O pensamento inovador vem da concentração prolongada, ou seja, a capacidade de costurar links entre pensamentos. A memória é uma grande rede de associações. Pensamentos profundos e criativos vêm seguindo o caminho dessa rede para lugares novos e diferentes. Quando você tenta ser multitarefa, normalmente não se encontra suficientemente longe para encontrar algo original, porque está constantemente desconectando e retrocedendo. A multitarefa reduz a qualidade de seus pensamentos, tornando-os mais superficiais, menos criativos e bem menos inovadores.
Se
a multitarefa prejudica a atenção ao que acontece à nossa volta, será
que ela não prejudica a atenção em nós mesmos? A resposta é sim. E a
fórmula é simples: agitação mental provoca ansiedade.
A
multifuncionalidade provoca uma atividade desordenada da mente, e essa
quantidade de pensamentos desproporcionais nos levam a desconectar do
presente. E essas alterações de comportamento nos levam a criar uma
preocupação excessiva com o futuro. Resultado: você ganha, de bandeja,
complicações no seu bem estar físico e psíquico.

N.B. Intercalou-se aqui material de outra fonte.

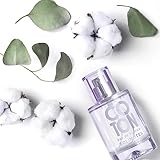 Fleur de coton eau de parfum 50ml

É um trabalho árduo, pois trata-se de um exercício diário para desapegar da multitarefa. Mas ao perder esse desvio de atenção, ganha-se tudo que está a sua volta. A obrigação de focar nos faz perceber pessoas, cheiros, sabores, momentos e prazeres, e fixamos isso de uma forma muito mais valiosa em nossas memórias. Assim, vivenciamos e experimentamos nossa própria história com muito mais intensidade e significado. A partir de agora, repense se precisa mesmo fazer aquela segunda coisa enquanto faz a primeira: as consequências disso podem ser bastante negativas para sua saúde mental.